- The Washington Times - Wednesday, May 16, 2007

LONDON (Agence France-Presse) — Britain’s Prince Harry will not be sent to Iraq as previously planned, Britain’s army chief said yesterday, citing safety concerns.

The third-in-line to the throne was said to be “very disappointed” by the announcement, but a royal spokesman said he would not quit the army.

Gen. Richard Dannatt acknowledged Harry’s feelings, but said the risk of him and fellow soldiers being targeted was too great.

“I have decided today that Prince Harry will not deploy as a troop commander with his squadron,” he said in a statement, adding that his decision was “final.”

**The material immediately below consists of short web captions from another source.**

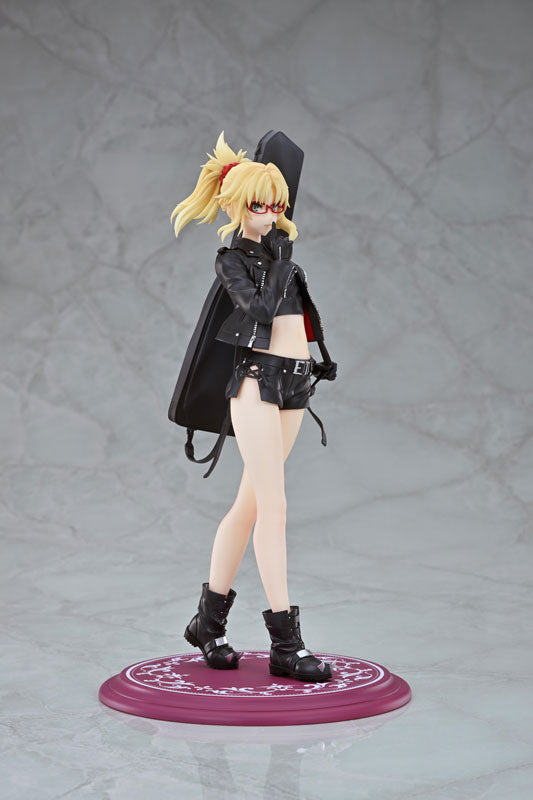 PRE-ORDER Wanderer - Fate/Apocrypha - Red Saber/Mordred: Original Glasses Model Ver. 1/7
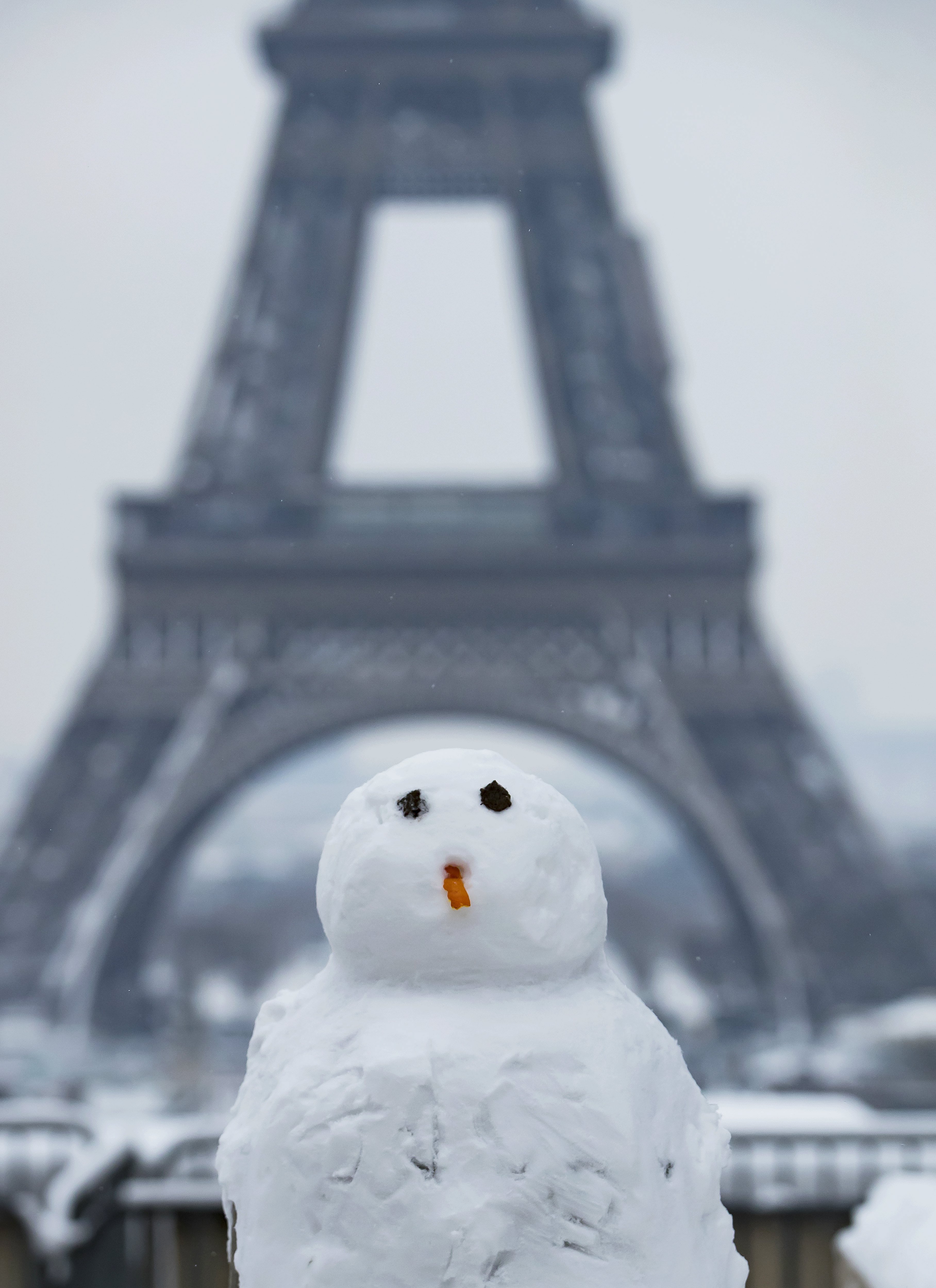 Párizsba beszökött a tél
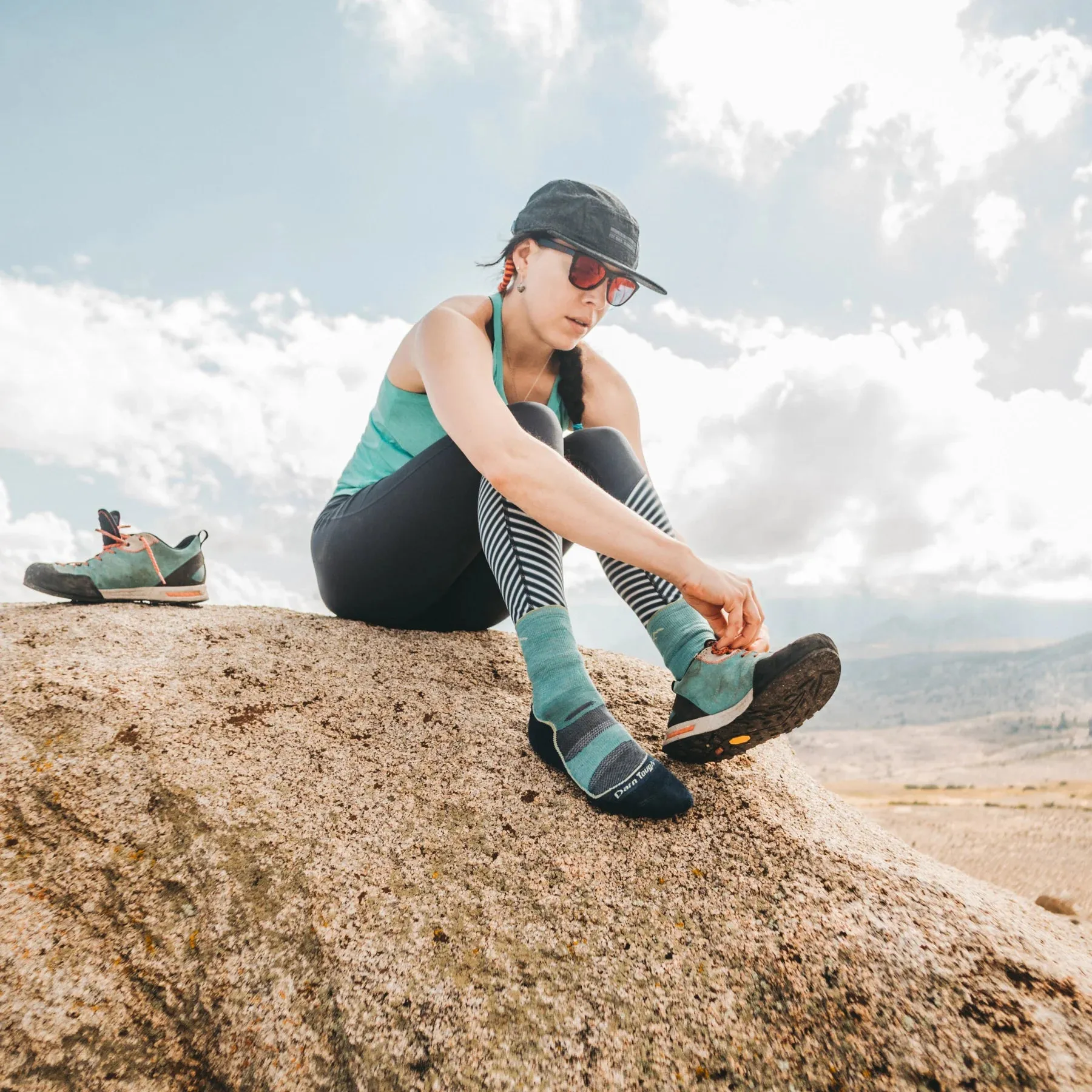 Darn Tough Women's Light Hiker Micro Crew Lightweight with Cushion Socks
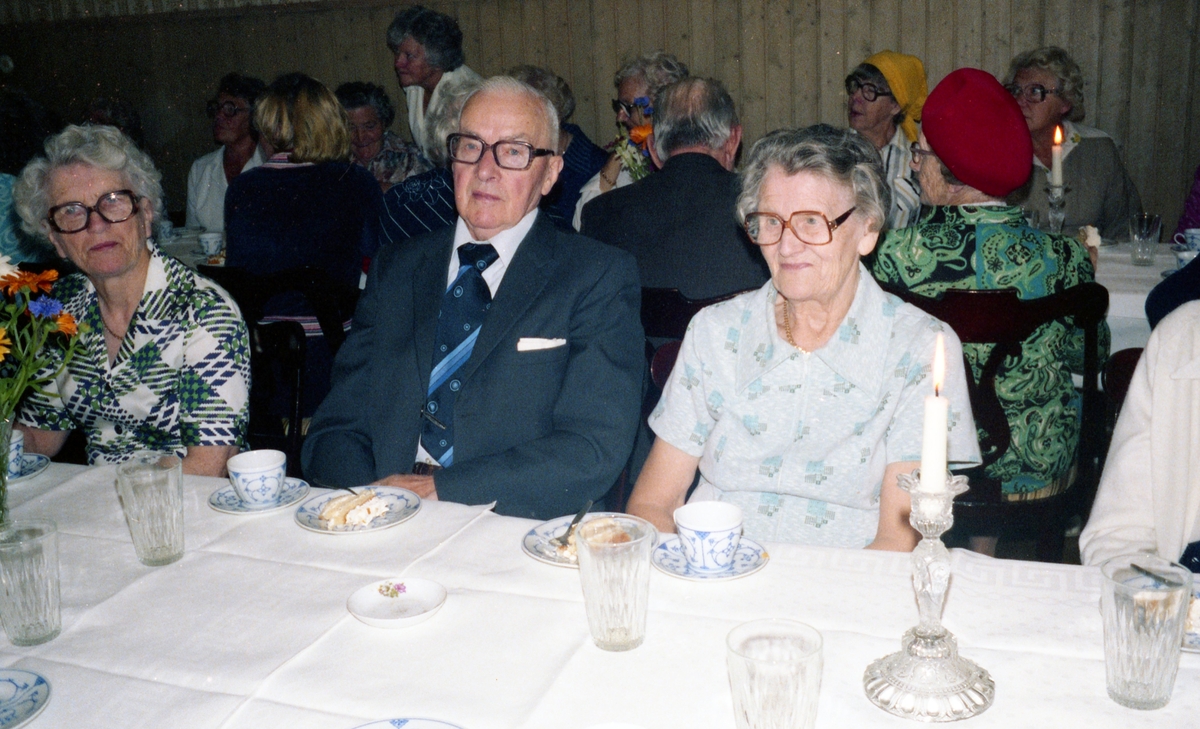Hobbyverksamhet för pensionärer, 1970-tal. Utflykt till Resa Två Skyttlar, hotell och restaurang i Örby. Tre okända personer som sitter till bords.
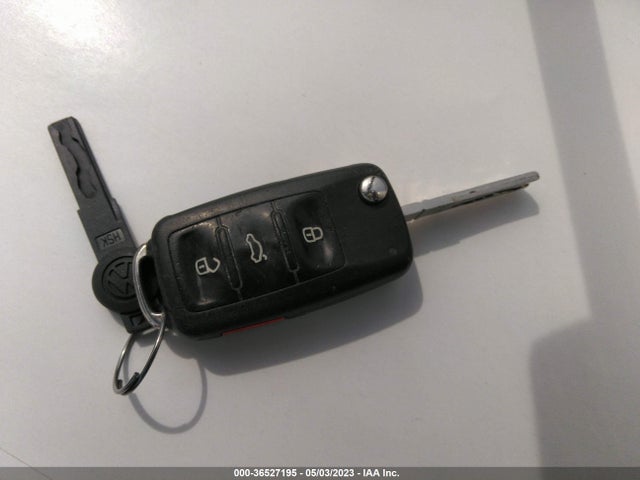 2013 VOLKSWAGEN PASSAT SE VIN: 1VWBP7A3XDC045759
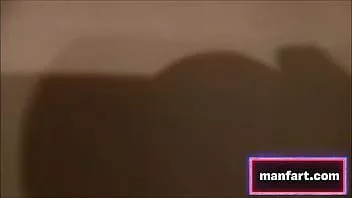 play কালো বন্ধু টিভি সামনে একটি সাদা কুত্তা fucked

“There have been a number of specific threats — some reported and some not reported — which relate directly to Prince Harry as an individual. These threats expose not only him but also those around him to a degree of risk that I now deem unacceptable.”

Harry, 22, is a second lieutenant in the elite Blues and Royals regiment.

Gen. Dannatt said earlier this month that Harry would serve in Iraq, despite press reports that he would not go because he could be at risk from insurgents.

Clarence House, the official residence of Prince Charles and his two sons Princes William and Harry, made it clear that Harry would not quit the army.

“Prince Harry is very disappointed that he will not be able to go to Iraq with his troops on this deployment as he had hoped,” it said. “He fully understands and accepts Gen. Dannatt’s difficult decision and remains committed to his army career.”